----- Records for the task -----
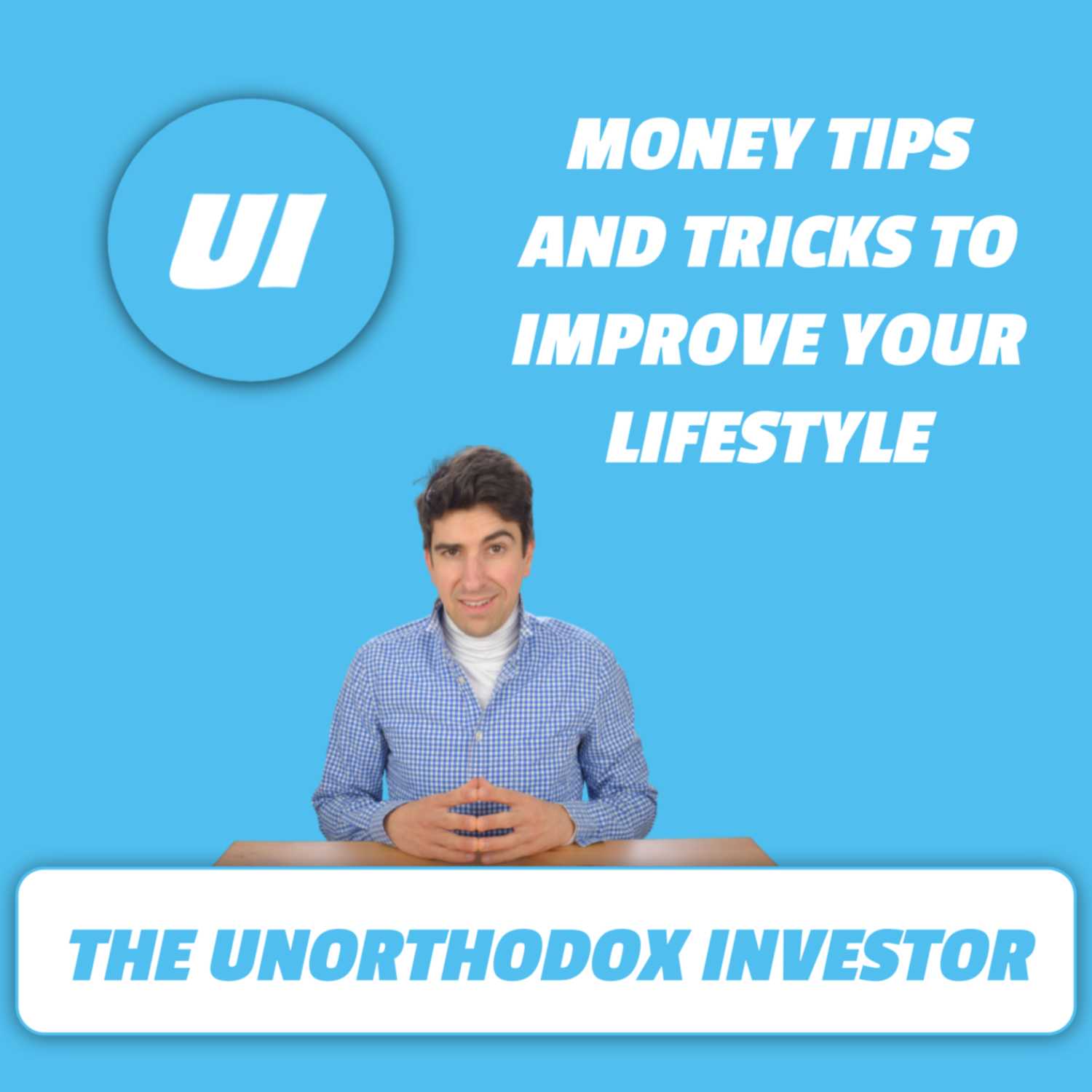 The Unorthodox Investor Podcast 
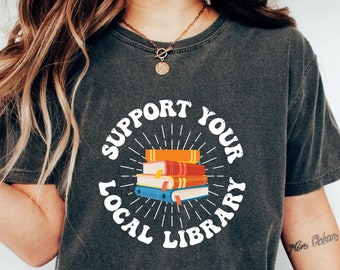 Support Your Local Library Shirt, Book Lover Gift, Read More Books Shirt, Librarian Gift, Library Shirt, Bookworm Shirt, Reading Shirt
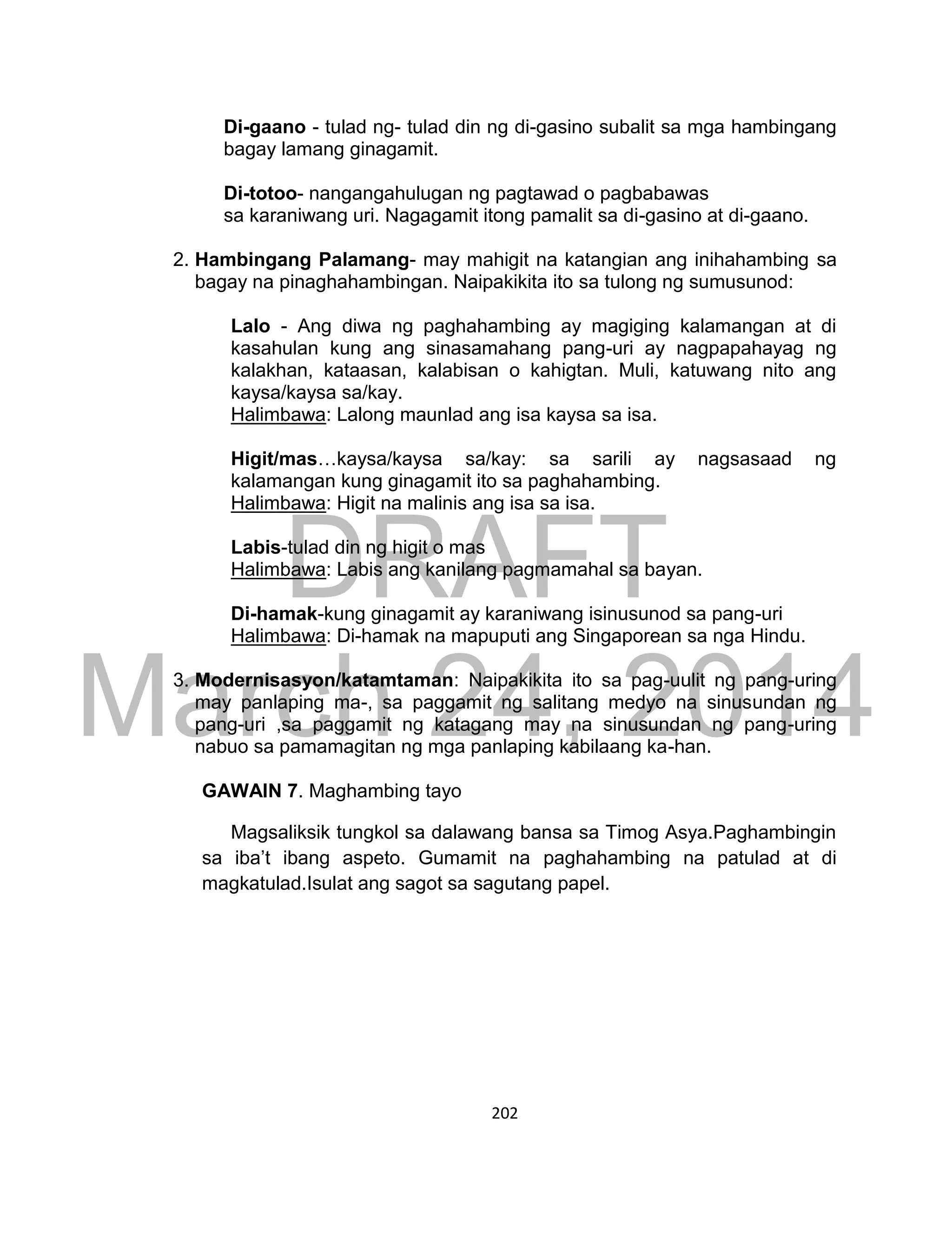 DRAFT
March 24, 2014
202
Di-gaano - tulad ng- tulad din ng di-gasino subalit sa mga hambingang
bagay lamang ginagamit.
Di-totoo- nangangahulugan ng pagtawad o pagbabawas
sa karaniwang uri. Nagagamit itong pamalit sa di-gasino at di-gaano.
2. Hambingang Palamang- may mahigit na katangian ang inihahambing sa
bagay na pinaghahambingan. Naipakikita ito sa tulong ng sumusunod:
Lalo - Ang diwa ng paghahambing ay magiging kalamangan at di
kasahulan kung ang sinasamahang pang-uri ay nagpapahayag ng
kalakhan, kataasan, kalabisan o kahigtan. Muli, katuwang nito ang
kaysa/kaysa sa/kay.
Halimbawa: Lalong maunlad ang isa kaysa sa isa.
Higit/mas…kaysa/kaysa sa/kay: sa sarili ay nagsasaad ng
kalamangan kung ginagamit ito sa paghahambing.
Halimbawa: Higit na malinis ang isa sa isa.
Labis-tulad din ng higit o mas
Halimbawa: Labis ang kanilang pagmamahal sa bayan.
Di-hamak-kung ginagamit ay karaniwang isinusunod sa pang-uri
Halimbawa: Di-hamak na mapuputi ang Singaporean sa nga Hindu.
3. Modernisasyon/katamtaman: Naipakikita ito sa pag-uulit ng pang-uring
may panlaping ma-, sa paggamit ng salitang medyo na sinusundan ng
pang-uri ,sa paggamit ng katagang may na sinusundan ng pang-uring
nabuo sa pamamagitan ng mga panlaping kabilaang ka-han.
GAWAIN 7. Maghambing tayo
Magsaliksik tungkol sa dalawang bansa sa Timog Asya.Paghambingin
sa iba’t ibang aspeto. Gumamit na paghahambing na patulad at di
magkatulad.Isulat ang sagot sa sagutang papel.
-----
__What the exercise asks__.
Beginning at the line that holds "Halimbawa: Di-hamak na", reproduce each line of the records above down to and including the last one.

__Answer for the task__.
Halimbawa: Di-hamak na mapuputi ang Singaporean sa nga Hindu.
3. Modernisasyon/katamtaman: Naipakikita ito sa pag-uulit ng pang-uring
may panlaping ma-, sa paggamit ng salitang medyo na sinusundan ng
pang-uri ,sa paggamit ng katagang may na sinusundan ng pang-uring
nabuo sa pamamagitan ng mga panlaping kabilaang ka-han.
GAWAIN 7. Maghambing tayo
Magsaliksik tungkol sa dalawang bansa sa Timog Asya.Paghambingin
sa iba’t ibang aspeto. Gumamit na paghahambing na patulad at di
magkatulad.Isulat ang sagot sa sagutang papel.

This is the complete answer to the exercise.